_EXERCISE REQUIREMENTS:_
Given the entries below, would you transcribe exactly the lines starting at the one with "福利雷王绣球（轻微瑕疵当苗卖，不包售后）" and ending at the one with "Plant Frog Reptile Live Wallpaper", both kept, pictures omitted, nothing extra?

_MATERIALS PROVIDED:_
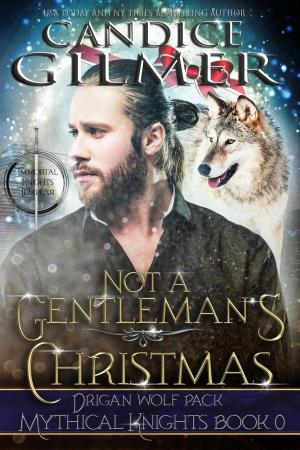 Cover of the book Not a Gentleman's Christmas by L.M. Connolly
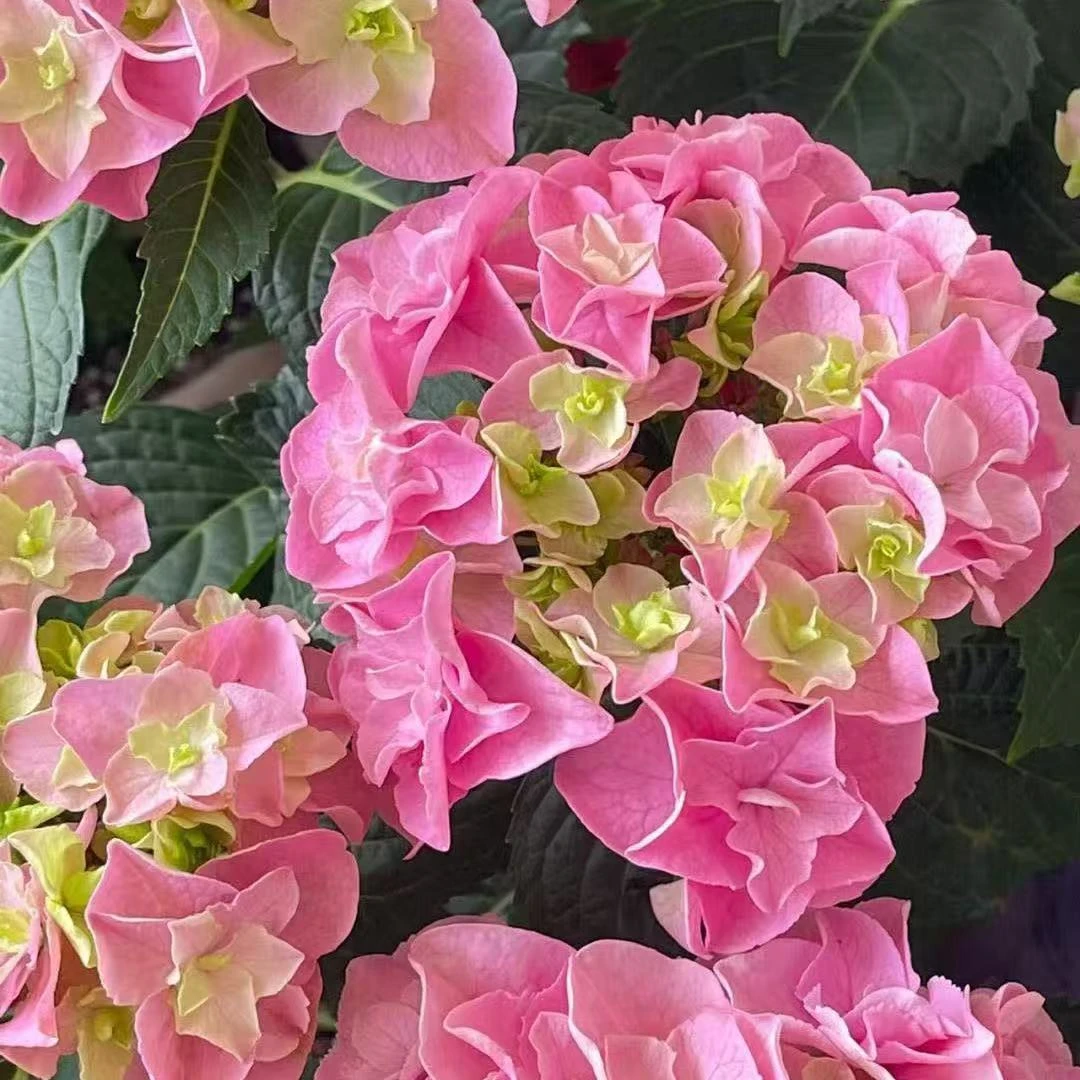 福利雷王绣球（轻微瑕疵当苗卖，不包售后）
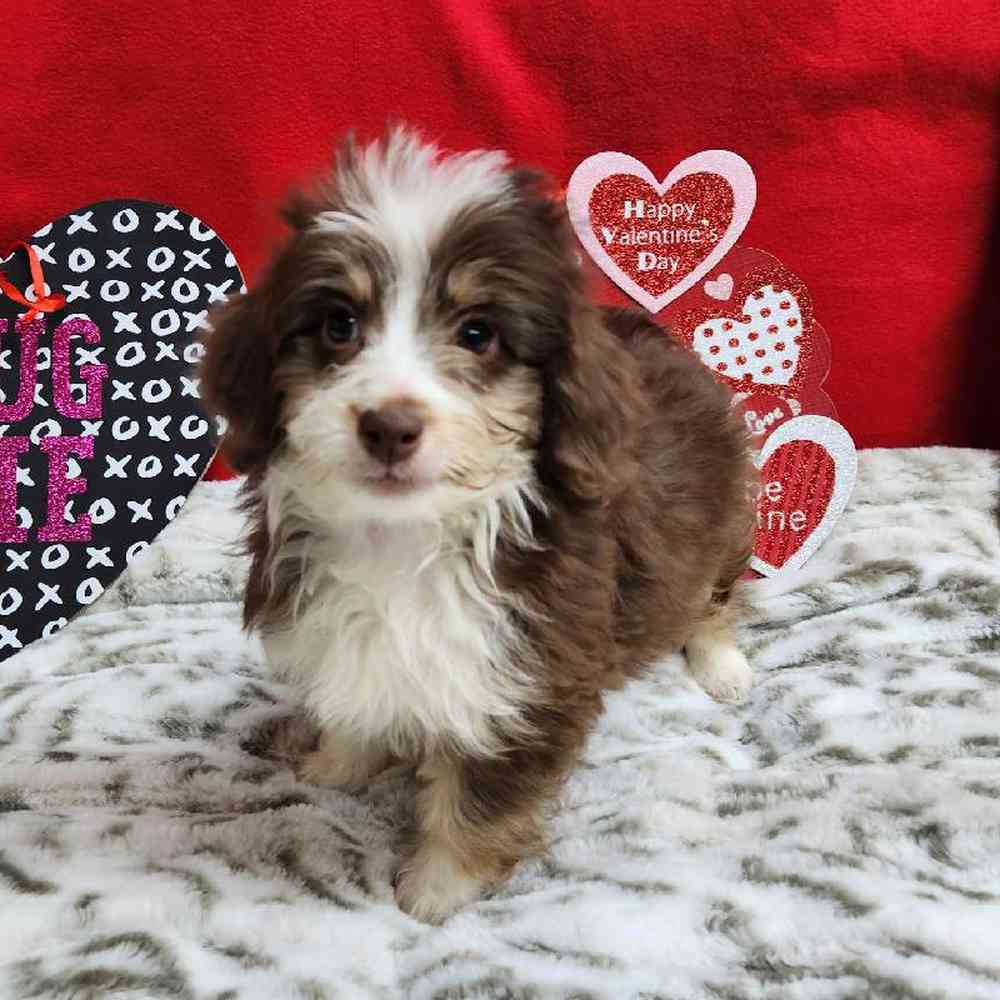 Female Mini Aussiedoodle Puppy for Sale in Virginia Beach, VA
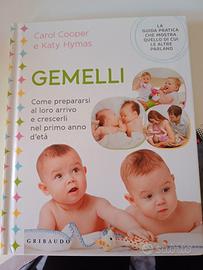 gemelli libro 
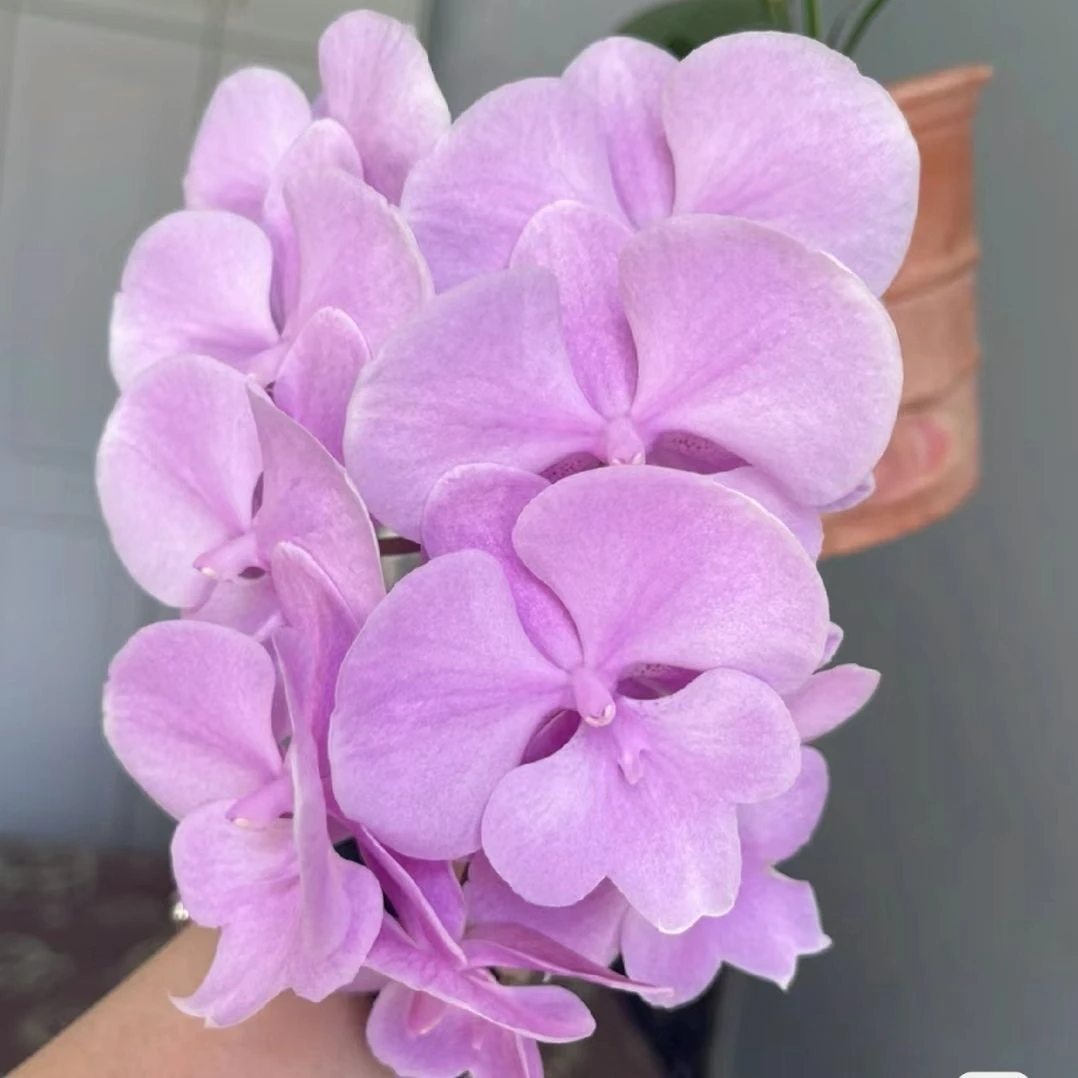 【禹城王子】欧品粉色系蝴蝶兰大舌头带花带苞3.0杯全双剑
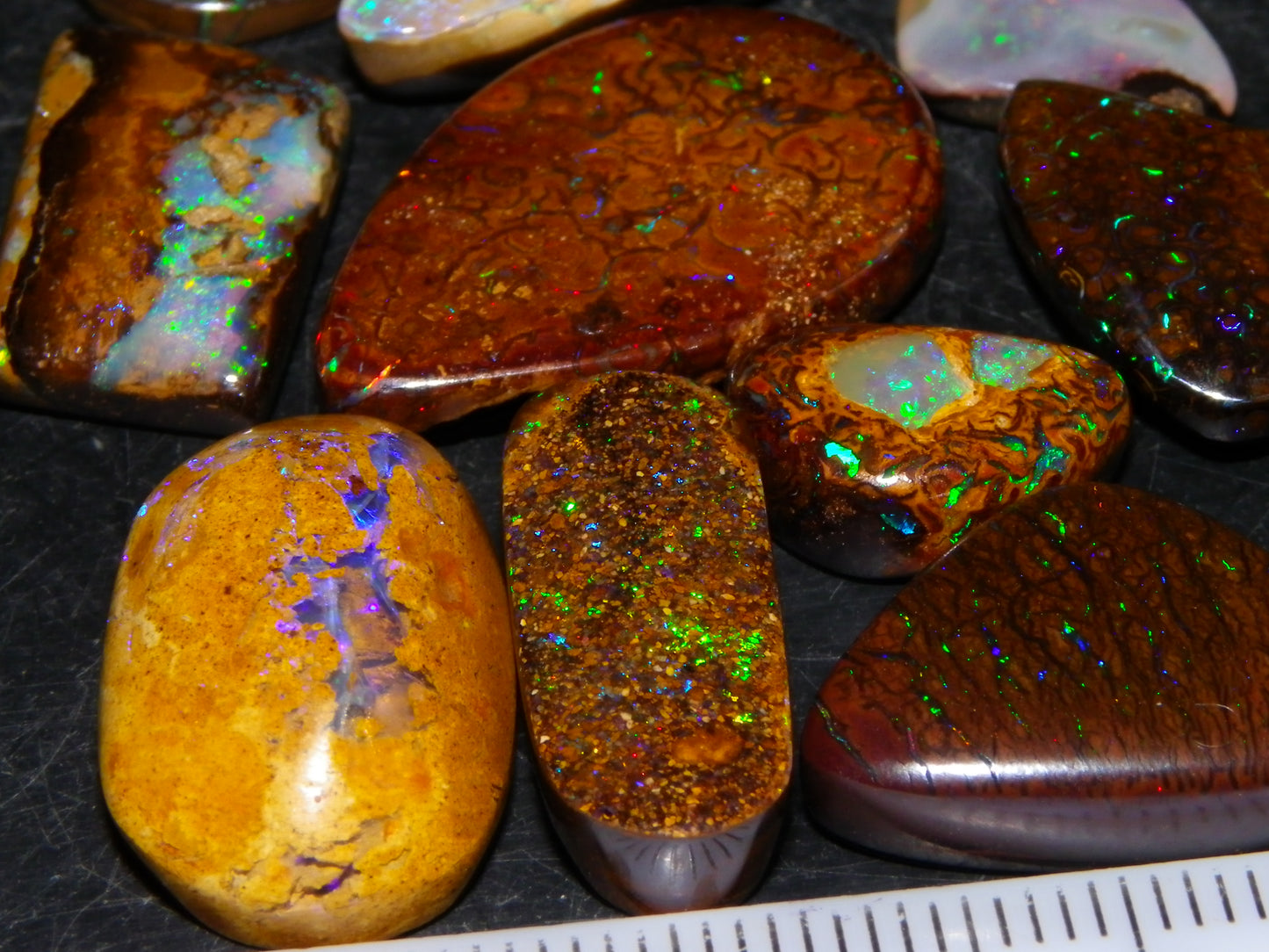 16 Cut/Polished Boulder/Koroit/Matrix Opal Cabs 192.5cts Fires/Patterns Australia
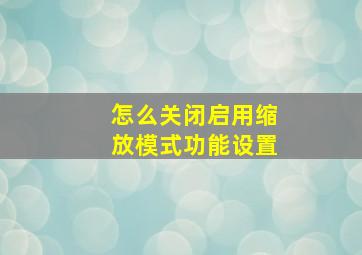 怎么关闭启用缩放模式功能设置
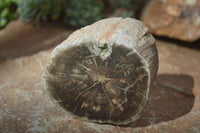 Polished Petrified Wood Branch Pieces x 4 From Gokwe, Zimbabwe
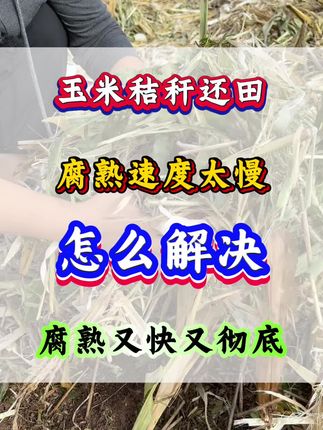 秸秆还田腐熟太慢,怎么解决下茬作物苗齐苗壮#秸秆#秸秆还田#秸秆腐熟#小麦种植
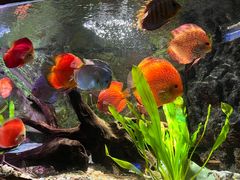 -上海海洋水族馆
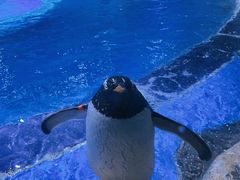 -上海海昌海洋公园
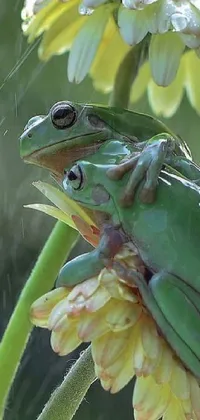 Plant Frog Reptile Live Wallpaper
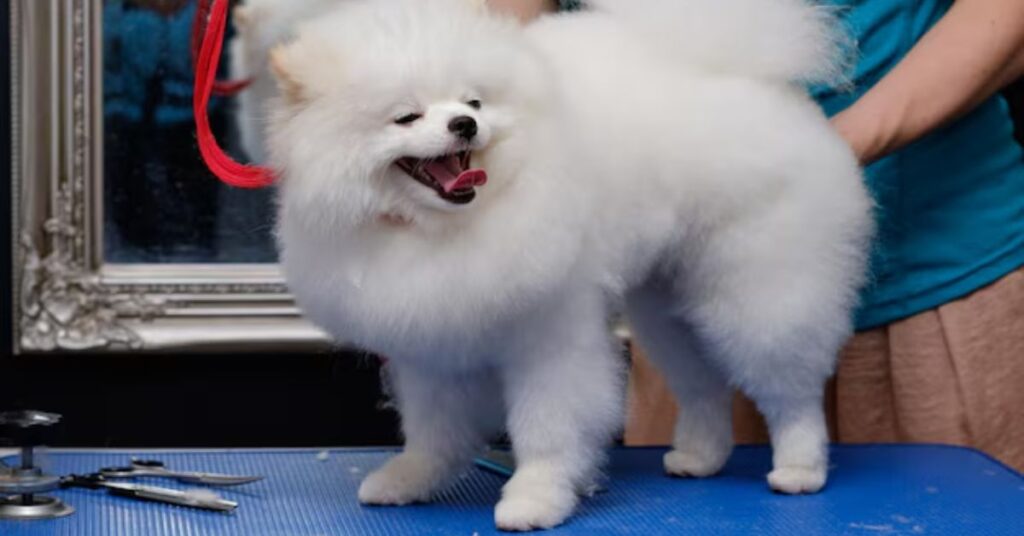 specialized care for your white yorkie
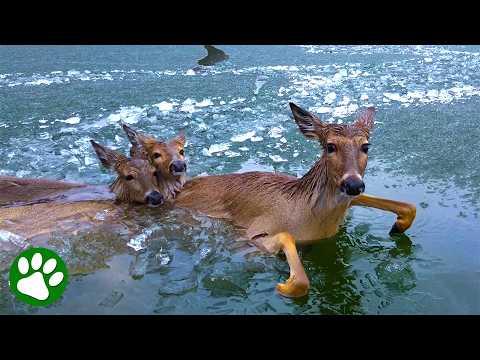 Police Use Unique Method To Rescue Deer Family #Video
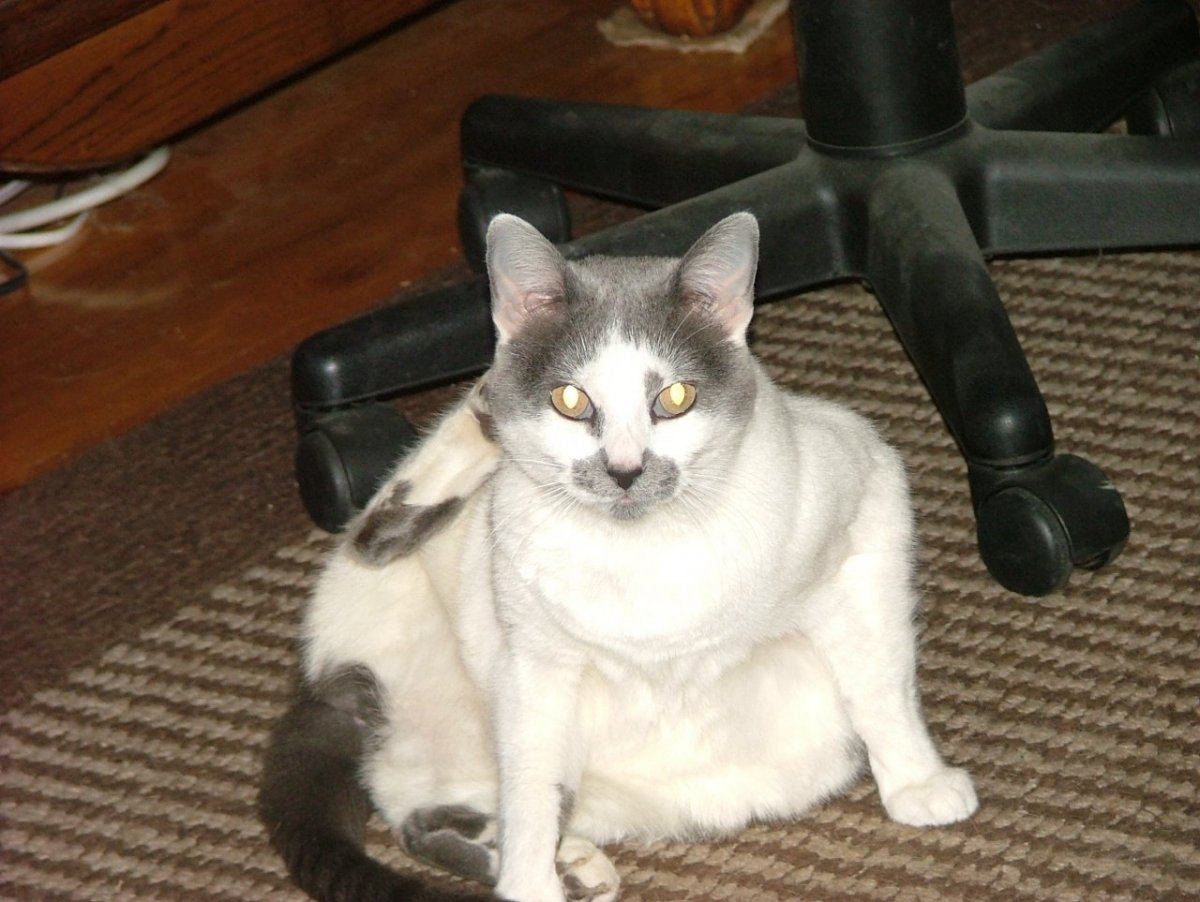 Sammy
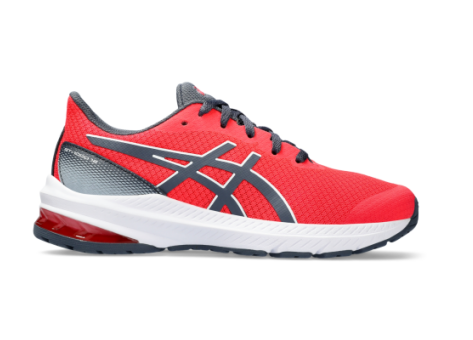 Asics GT 1000 12 GS (1014A296.700) rot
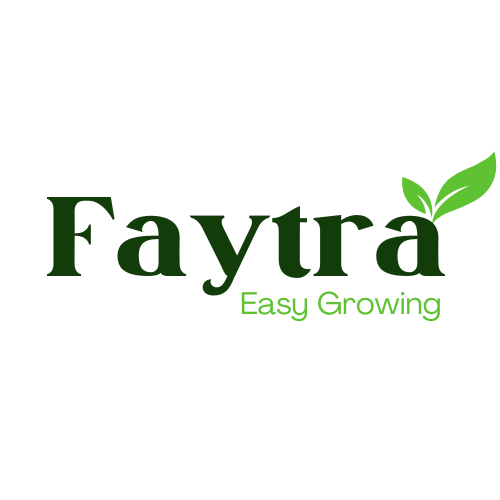 Faytra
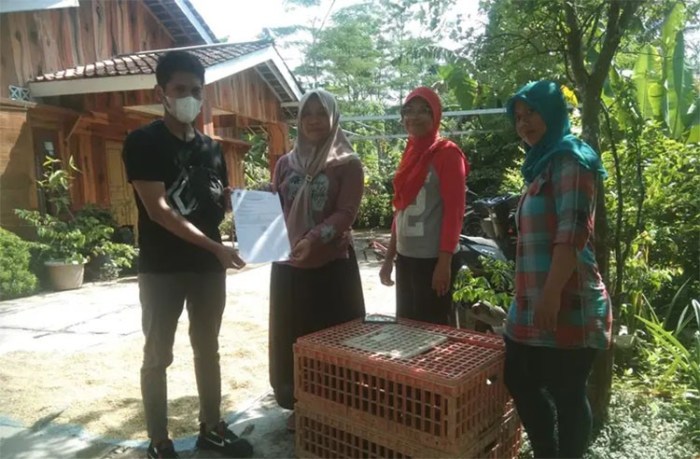 Ayam ternak di Wonosari, Gunungkidul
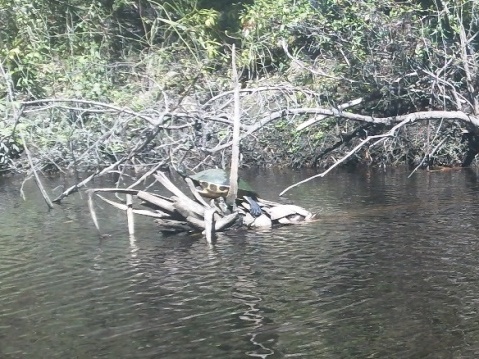 Florida Panhandle, Chipola River launches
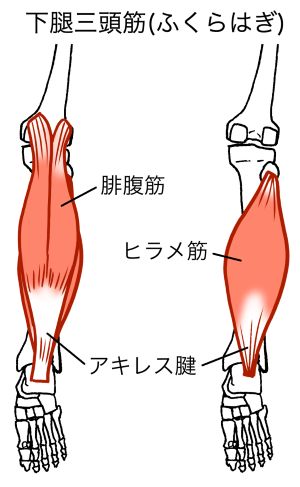 ふくらはぎのコリ２
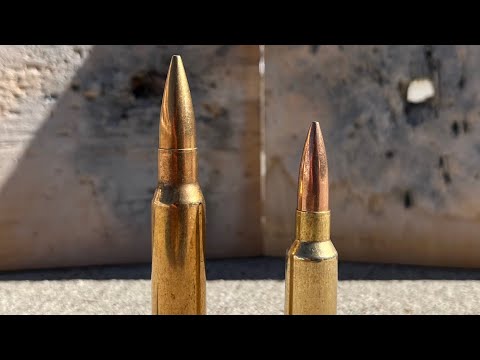 Видео: 308 против 6.5 Грендель: всё-таки не близко?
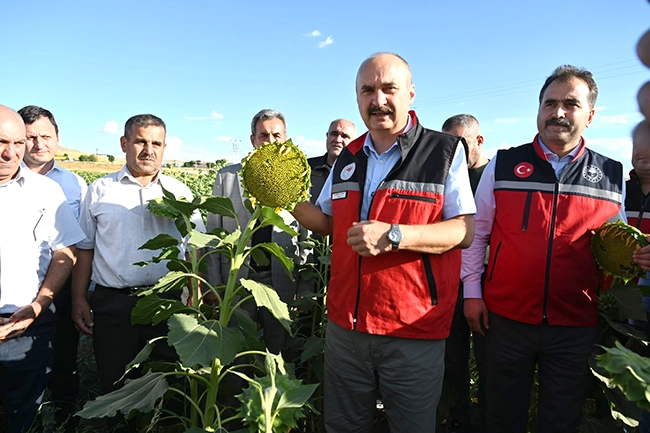 Ayçiçeği Tarla Günü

_WRITTEN RESPONSE:_
 福利雷王绣球（轻微瑕疵当苗卖，不包售后）
 Female Mini Aussiedoodle Puppy for Sale in Virginia Beach, VA
 gemelli libro 
 【禹城王子】欧品粉色系蝴蝶兰大舌头带花带苞3.0杯全双剑
 16 Cut/Polished Boulder/Koroit/Matrix Opal Cabs 192.5cts Fires/Patterns Australia
 怎么关闭启用缩放模式功能设置
 Polished Petrified Wood Branch Pieces x 4 From Gokwe, Zimbabwe
 秸秆还田腐熟太慢,怎么解决下茬作物苗齐苗壮#秸秆#秸秆还田#秸秆腐熟#小麦种植
 -上海海洋水族馆
 -上海海昌海洋公园
 Plant Frog Reptile Live Wallpaper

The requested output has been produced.